[Input data — start]

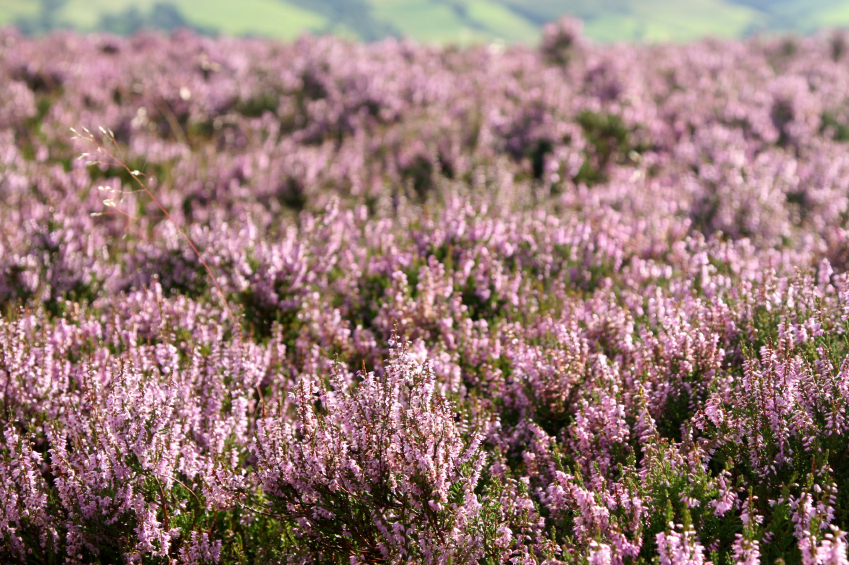 Red grouse image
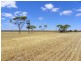 Lot 1761 Needilup Road, Pingrup WA 6343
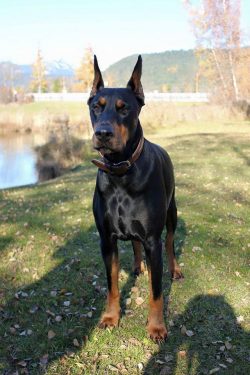 In 1887, the dog was officially presented at the dog show in Erfurt. 1890 is considered the year ...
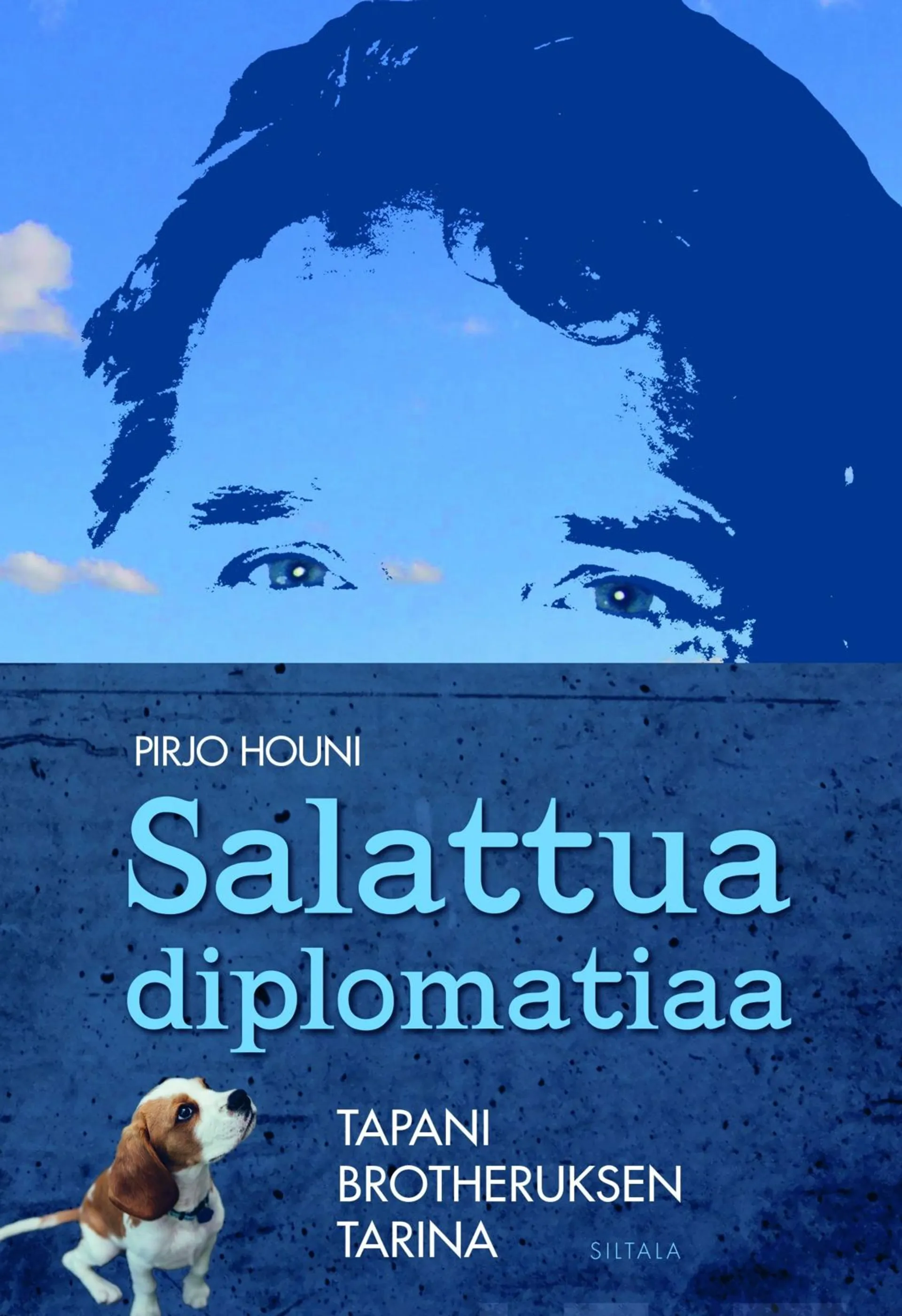 Houni, Salattua diplomatiaa - Tapani Brotheruksen tarina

[Input data — finish]

Task instructions: Pictures do not belong in the copy. Repeat exactly each line from the one with "Lot 1761 Needilup Road, Pingrup WA 6343" through the end of the listing.

Expected output:
 Lot 1761 Needilup Road, Pingrup WA 6343
 In 1887, the dog was officially presented at the dog show in Erfurt. 1890 is considered the year ...
 Houni, Salattua diplomatiaa - Tapani Brotheruksen tarina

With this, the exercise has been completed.